- **Directions for this task**
Only the lines from the line that contains "A BEAUTIFUL FROSTED SALAD BOWL SOLD AS IS" through the final line of the entries below belong in your answer, copied exactly and without pictures.

- **Record excerpts**

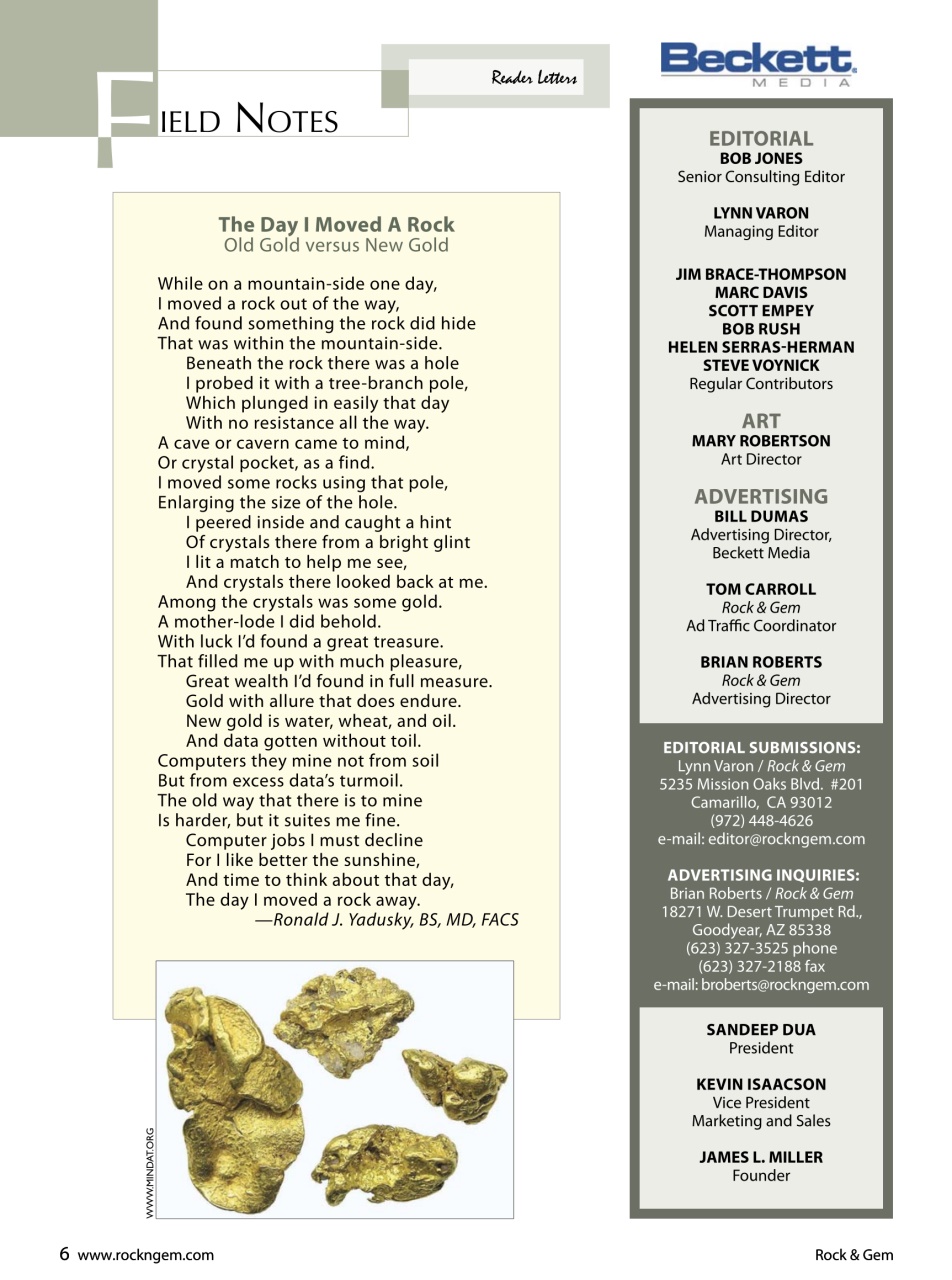 Rock&Gem Magazine Preview Pages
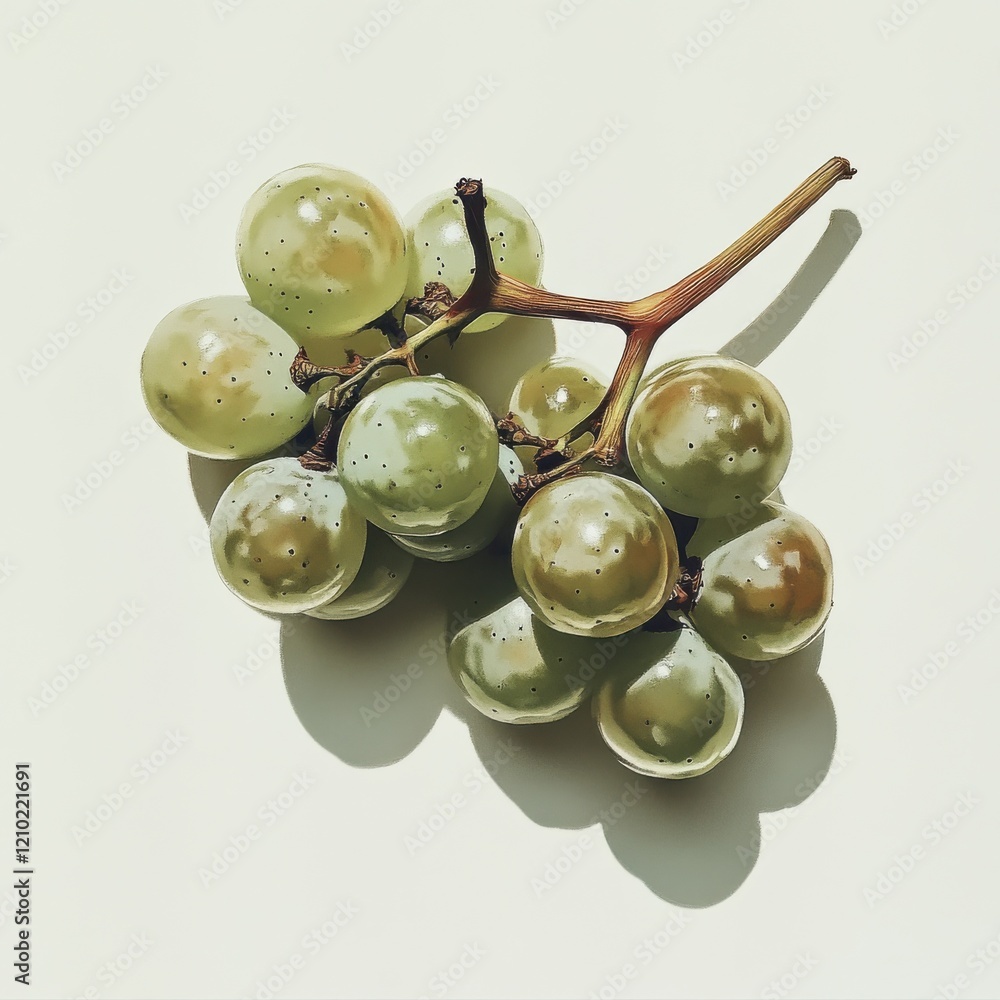 Poster fresh cluster of green grapes set against a neutral background showcasing natural textures and shape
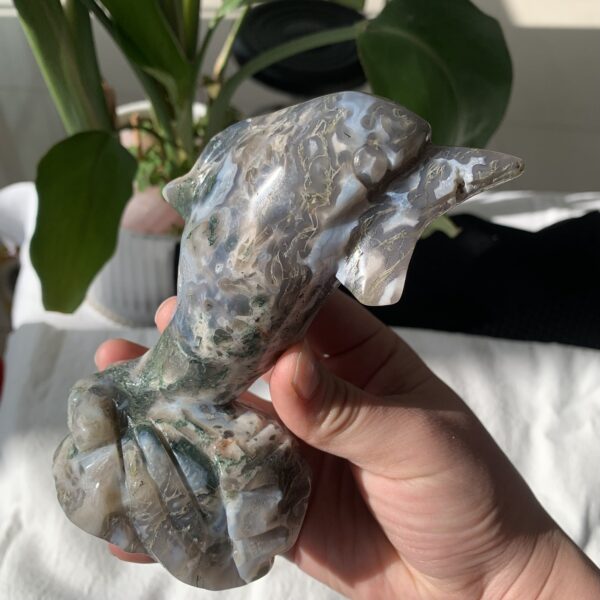 Crystal Dolphin Figurine Healing Moss Agate Dolphin Gift For Home Decor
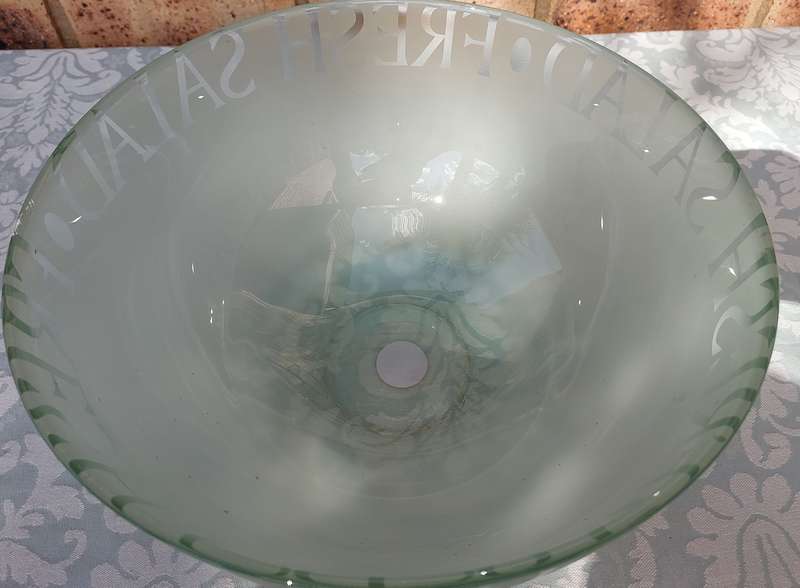 A BEAUTIFUL FROSTED SALAD BOWL SOLD AS IS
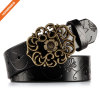 Genuine Leather Belts For Women Cowhide Embossing Design Carving Buckle Plus Size Strap
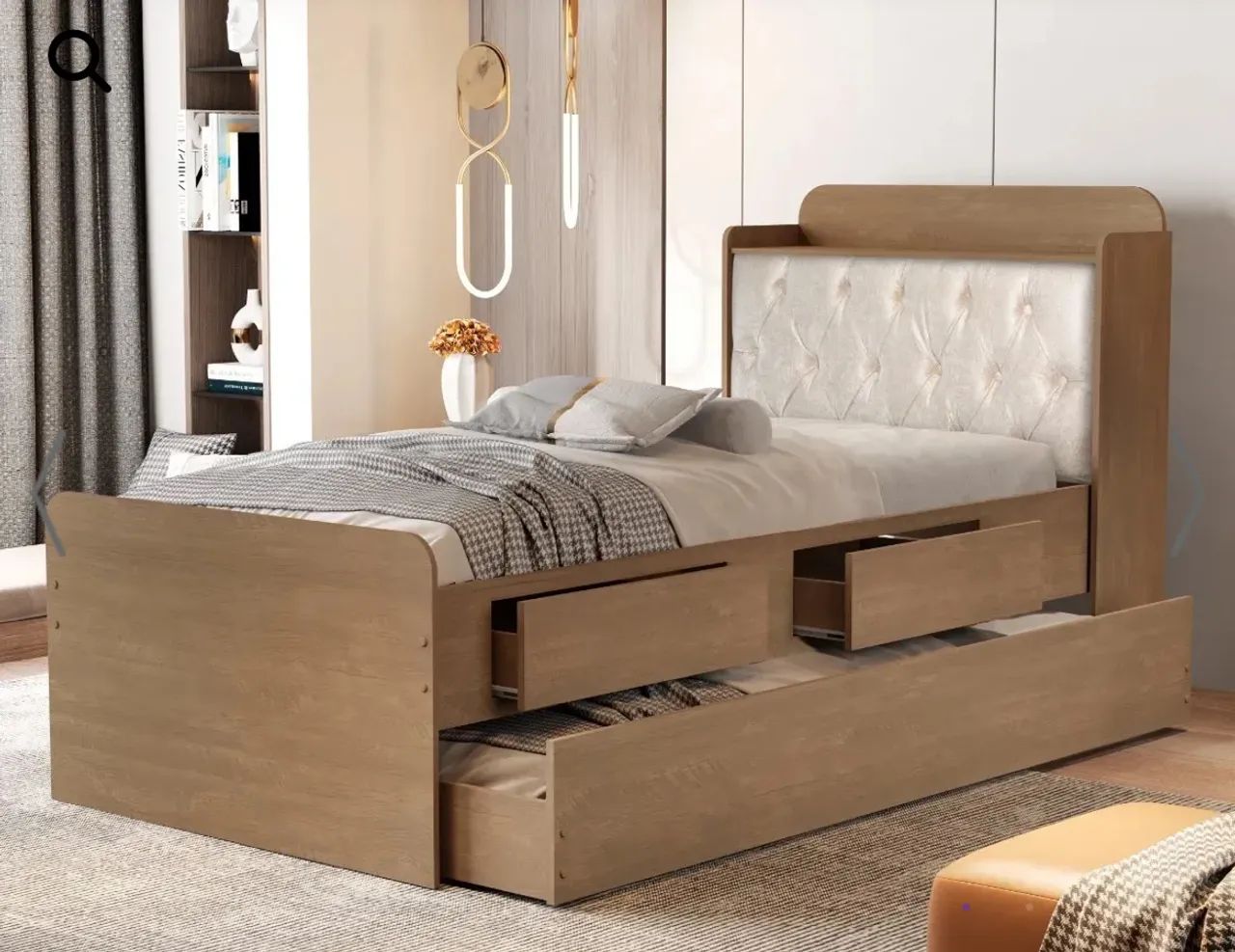 Cama Baú Solteiro com 2 gavetas +Cama auxiliar p664 - Foto 2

- **Output for this task**
 A BEAUTIFUL FROSTED SALAD BOWL SOLD AS IS
 Genuine Leather Belts For Women Cowhide Embossing Design Carving Buckle Plus Size Strap
 Cama Baú Solteiro com 2 gavetas +Cama auxiliar p664 - Foto 2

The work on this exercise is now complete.